--- Data ---

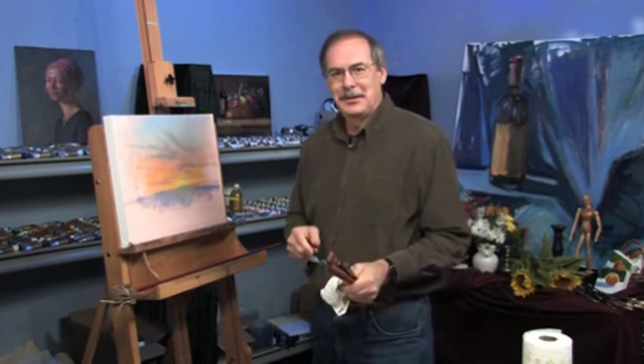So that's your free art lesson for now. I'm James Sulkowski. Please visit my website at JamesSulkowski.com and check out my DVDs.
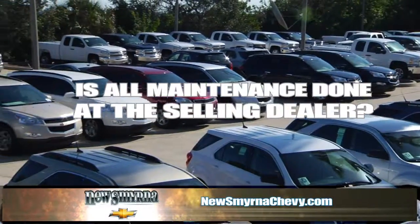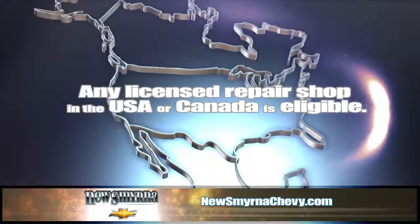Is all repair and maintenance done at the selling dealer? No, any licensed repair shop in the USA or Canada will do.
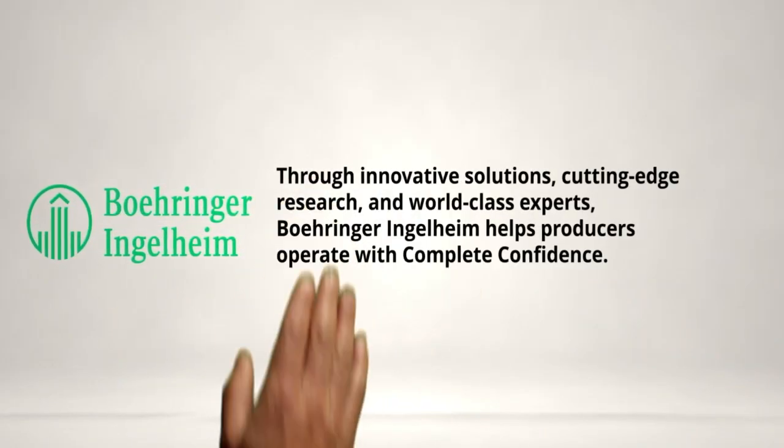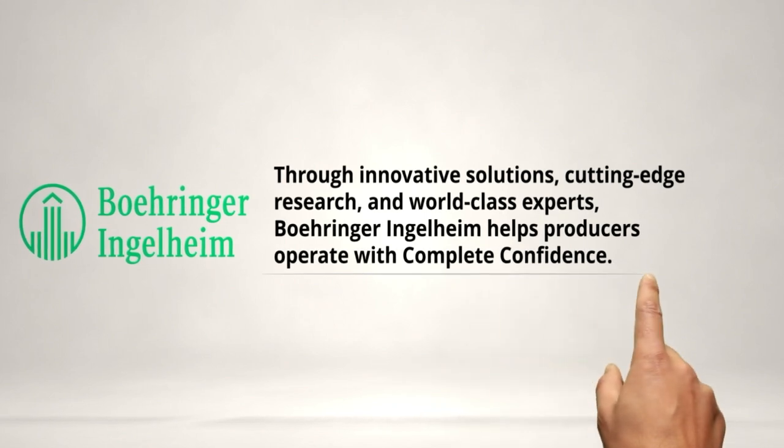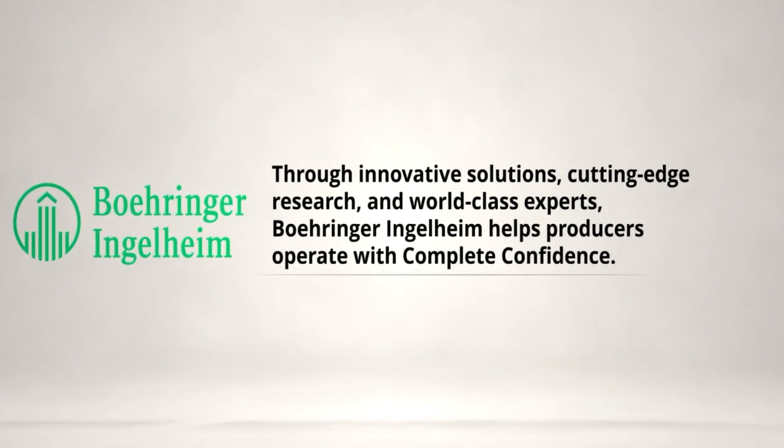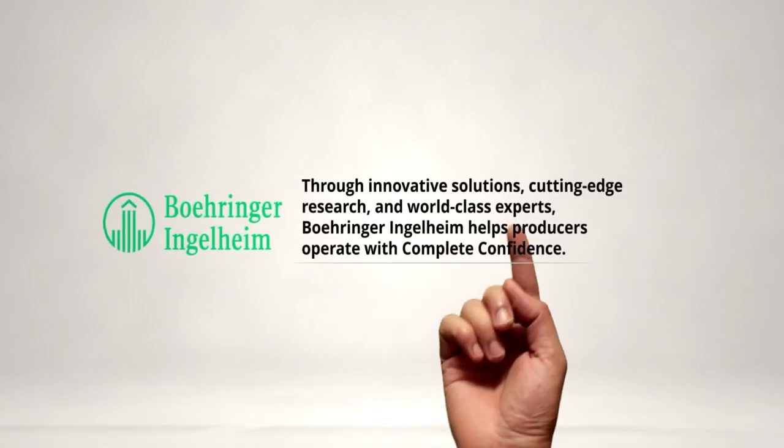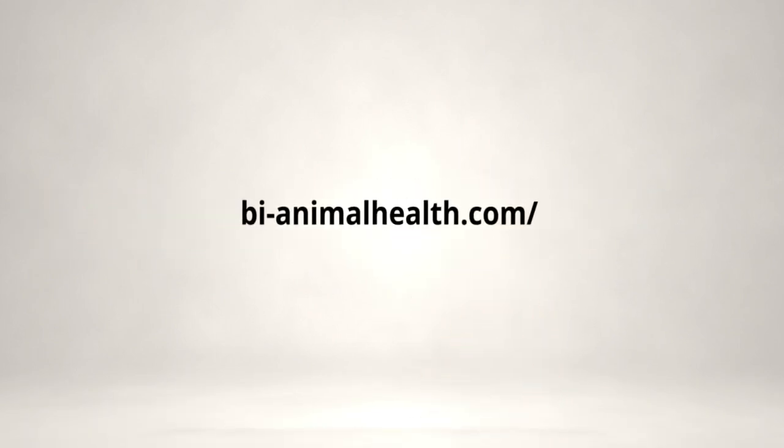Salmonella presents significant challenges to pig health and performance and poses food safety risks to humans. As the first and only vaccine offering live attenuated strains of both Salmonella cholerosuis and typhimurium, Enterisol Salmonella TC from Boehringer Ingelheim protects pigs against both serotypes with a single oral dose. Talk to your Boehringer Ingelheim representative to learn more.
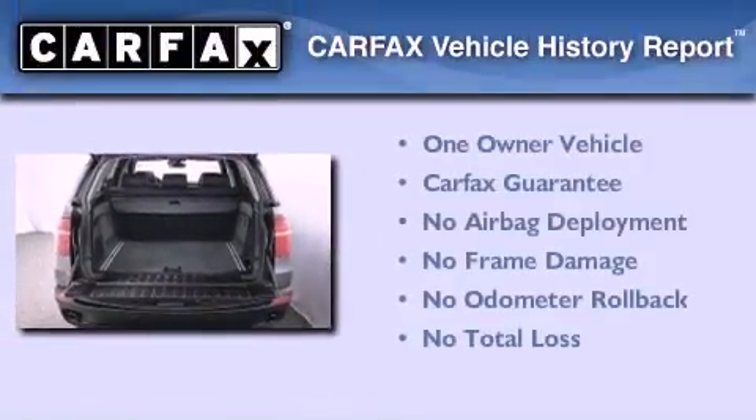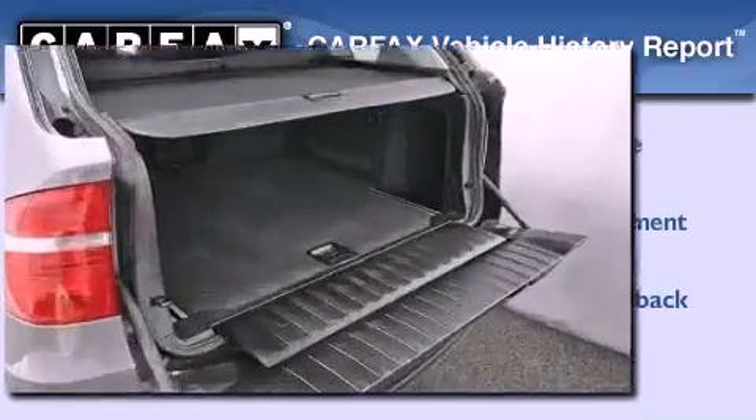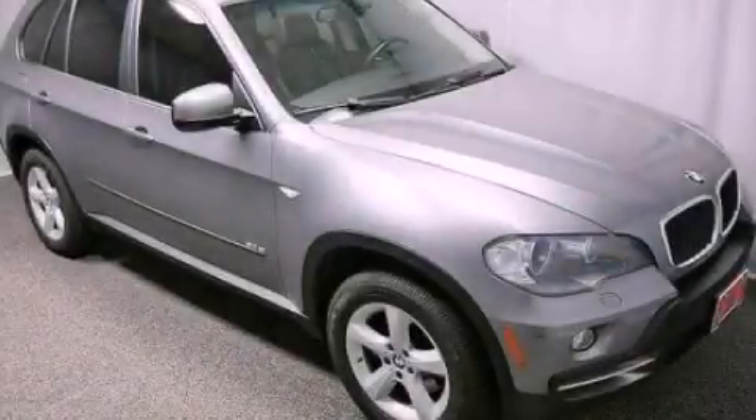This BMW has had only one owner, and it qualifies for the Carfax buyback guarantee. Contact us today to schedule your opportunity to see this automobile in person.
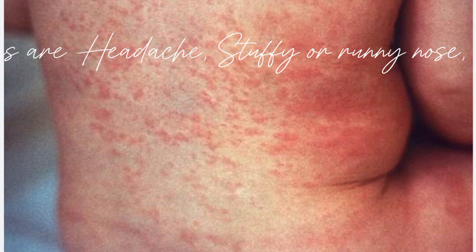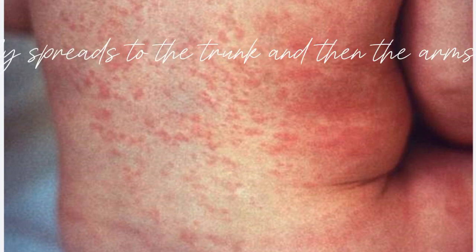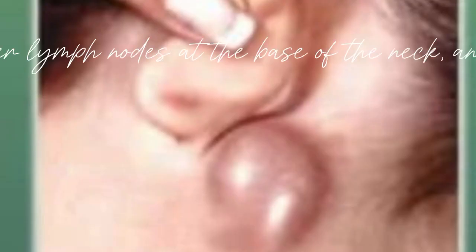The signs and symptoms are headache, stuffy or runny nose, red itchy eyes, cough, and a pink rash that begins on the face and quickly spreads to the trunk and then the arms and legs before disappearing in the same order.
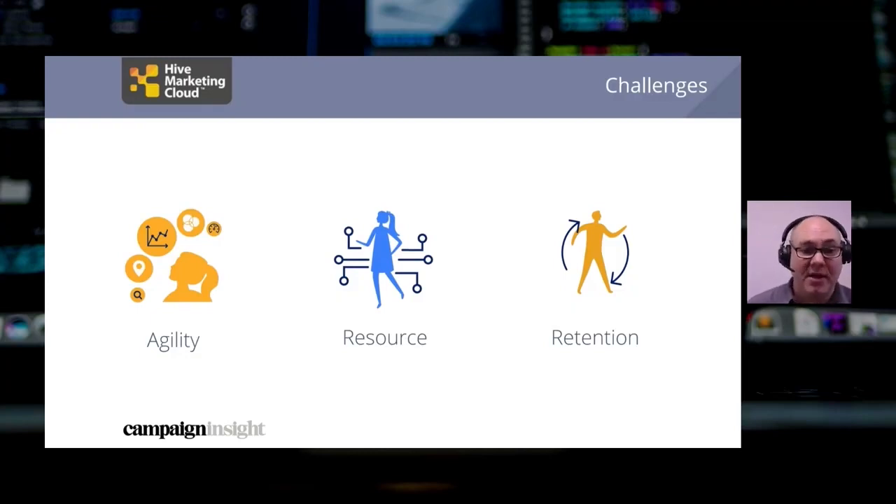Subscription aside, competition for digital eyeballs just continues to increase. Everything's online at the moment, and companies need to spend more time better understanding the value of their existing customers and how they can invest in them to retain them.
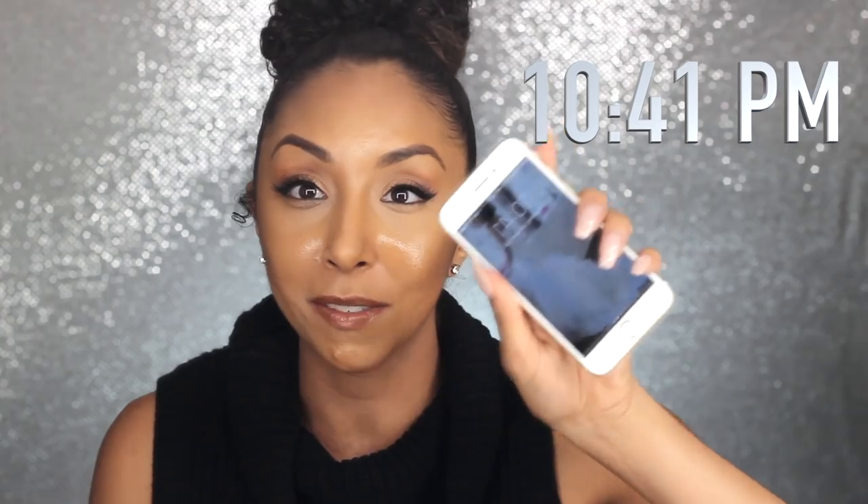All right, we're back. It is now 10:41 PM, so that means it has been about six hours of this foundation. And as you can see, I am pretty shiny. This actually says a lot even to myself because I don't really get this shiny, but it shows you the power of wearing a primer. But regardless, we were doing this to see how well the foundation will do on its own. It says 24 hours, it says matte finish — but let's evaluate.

---

Aim of the task ▸ Above are the records; return the lines in them from the one with "The signs and" to the one with "Subscription aside, competition", inclusive, exactly and without images.

Task output ▸
The signs and symptoms are headache, stuffy or runny nose, red itchy eyes, cough, and a pink rash that begins on the face and quickly spreads to the trunk and then the arms and legs before disappearing in the same order.
Subscription aside, competition for digital eyeballs just continues to increase. Everything's online at the moment, and companies need to spend more time better understanding the value of their existing customers and how they can invest in them to retain them.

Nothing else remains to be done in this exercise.